# WHAT THE TASK ASKS
Produce as output only the lines below starting at the line with "ニセコ町 若山農産 ブロッコリー" and continuing through the line with "Video Kenapa Ganja", each one exactly as written.

# RECORDS SUPPLIED

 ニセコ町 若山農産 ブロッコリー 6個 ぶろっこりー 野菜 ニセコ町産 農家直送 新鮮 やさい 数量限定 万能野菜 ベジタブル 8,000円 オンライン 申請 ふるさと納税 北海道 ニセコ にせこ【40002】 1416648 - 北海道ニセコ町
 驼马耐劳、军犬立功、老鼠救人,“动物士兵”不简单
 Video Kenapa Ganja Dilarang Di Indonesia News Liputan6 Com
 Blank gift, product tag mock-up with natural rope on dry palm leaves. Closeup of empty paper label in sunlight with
---
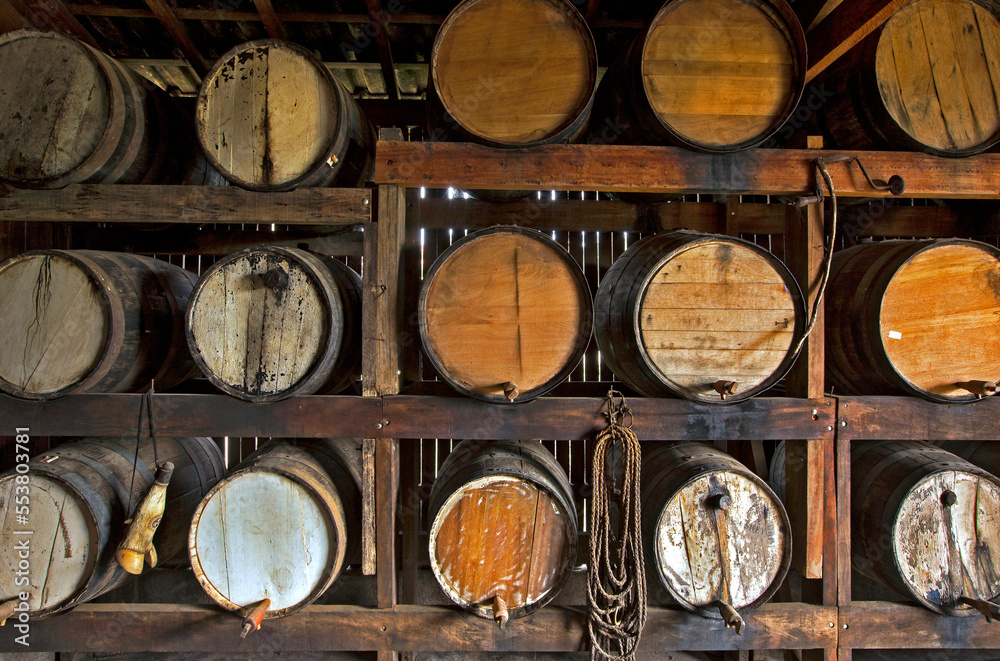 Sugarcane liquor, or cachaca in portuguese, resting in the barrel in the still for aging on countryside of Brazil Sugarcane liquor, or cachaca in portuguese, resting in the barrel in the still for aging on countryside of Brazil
...
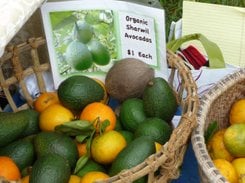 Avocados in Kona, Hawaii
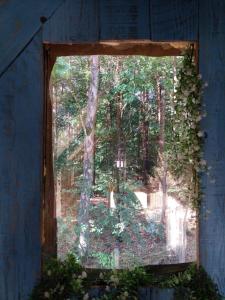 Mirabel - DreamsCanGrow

# ANSWER SECTION
 ニセコ町 若山農産 ブロッコリー 6個 ぶろっこりー 野菜 ニセコ町産 農家直送 新鮮 やさい 数量限定 万能野菜 ベジタブル 8,000円 オンライン 申請 ふるさと納税 北海道 ニセコ にせこ【40002】 1416648 - 北海道ニセコ町
 驼马耐劳、军犬立功、老鼠救人,“动物士兵”不简单
 Video Kenapa Ganja Dilarang Di Indonesia News Liputan6 Com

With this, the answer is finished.